What was specific to Feb.13 through 15 in the Roman calendar was the pagan festival of Lupercalia. Robert Myers, in Celebrations: The Complete Book of American Holidays writes: "The most plausible theory for St. Valentine's Day traces its customs back to the Roman Lupercalia, a feast celebrated in February in honor of the pastoral god Lupercus, a Roman version of the Greek god Pan. The festival was an important one for the Romans and, occurring when it did, naturally had some aspects of a rebirth rite to it" (pp. 50-51).

The Lupercalia festival was celebrated in honor of a number of pastoral deities. It combined the idea of cleansing before spring renewal with the promotion of sexual fertility and reproduction, a prevalent theme throughout pagan religion. Young men dressed in the skins of sacrificed goats would run from the Lupercal cave brandishing strips of goat skin as whips. Any women slapped by these were assured fertility and ease in childbirth. (The Encyclopaedia Britannica, Vol. 15, 9th edition, "Lupercalia").

As Christianity spread throughout the Roman Empire, it was common for pagan converts to retain their earlier religious customs and practices. Edward Gibbon, in his classic work The History of the Decline and Fall of the Roman Empire, states: "After the conversion of the Imperial city, the Christians still continued, in the month of February, the annual celebration of the Lupercalia; to which they ascribed a secret and mysterious influence on the genial [generative or reproductive] powers of the animal and vegetable world" (chap. 36).
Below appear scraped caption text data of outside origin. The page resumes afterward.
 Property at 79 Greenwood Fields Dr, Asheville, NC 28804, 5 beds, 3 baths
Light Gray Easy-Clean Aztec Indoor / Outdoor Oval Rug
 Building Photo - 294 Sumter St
Pope Gelasius is said to have eradicated Lupercalia from Christian observance in the last decade of the fifth century, but the intermingling of paganism and Christianity had become inseparable in much of the Western world. Saturnalia and Mithraism were incorporated into the church through claiming a December birth date for Jesus Christ. Various spring fertility rites merged to form the basis of Easter celebrations, and Lupercalia evolved into the observance of St. Valentine's Day.

In a similar fashion the Catholic church canonized saints who were celebrated with his or her own feast day and attributed with spheres of responsibility previously attributed to the various pagan gods. St. Stephen is the patron saint of stonemasons; doctors are to pray to St. Luke, fishermen to St. Andrew and carpenters to St. Joseph. There are patron saints for farmers, hunters, shoemakers and even comedians. And then there is the patron saint of love and romance, St. Valentine.
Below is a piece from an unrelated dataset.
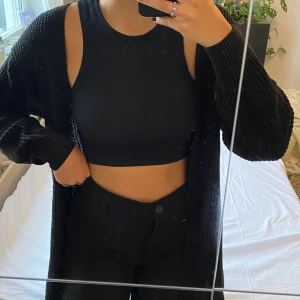 svart stickad kofta - Säljer min svarta stickade kofta🖤 Den är lite längre och har inga knapar! Koftan är i fint skick, lite nopprig men det är lätt att ta bort🤗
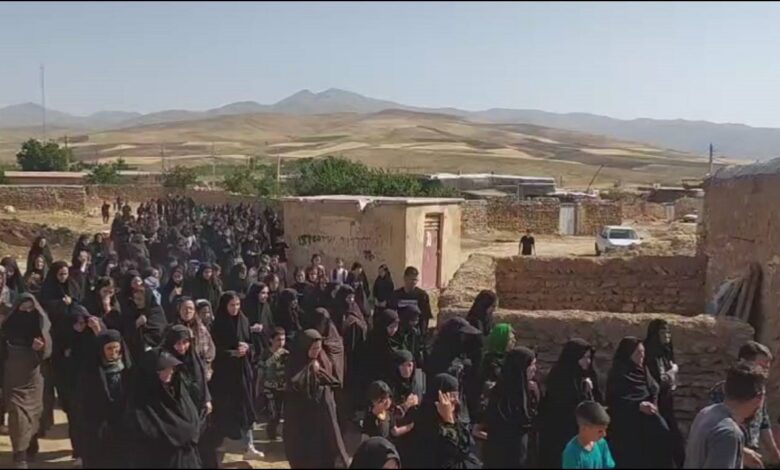 روستای بابانظر در روز عاشورای حسینی غرق در ماتم و اندوه شد + فیلم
God warned ancient Israel not to mix pagan customs with worshipping Him as the one true God and that admonition is still relevant for Christians today: "Take heed to yourself that you… do not inquire after their gods, saying, 'How did these nations serve their gods? I also will do likewise.' You shall not worship the Lord your God in that way; for every abomination to the Lord which He hates they have done to their gods" (Deuteronomy 12:30-31).

Even some Christians who reject religious holidays with roots in paganism, like Christmas and Easter, see nothing wrong with holidays like Valentine's Day, New Year's Day and Halloween despite their pagan origin. The reasoning goes like this: Christmas and Easter must be rejected because they are attempts to worship God with pagan customs. The other holidays, however, while they might have once been used to worship God, are now deemed completely secular. And since what God actually forbids is using pagan customs to worship Him, we are free to practice pagan worship customs if they are not now used for worship.

This reasoning ignores the fact that God told the Israelites to completely eradicate all vestiges of pagan worship. The observance of Valentine's Day is just one of many traditions sincere Christians should avoid, while seeking to return to the foundation of true worship following Jesus Christ as our example.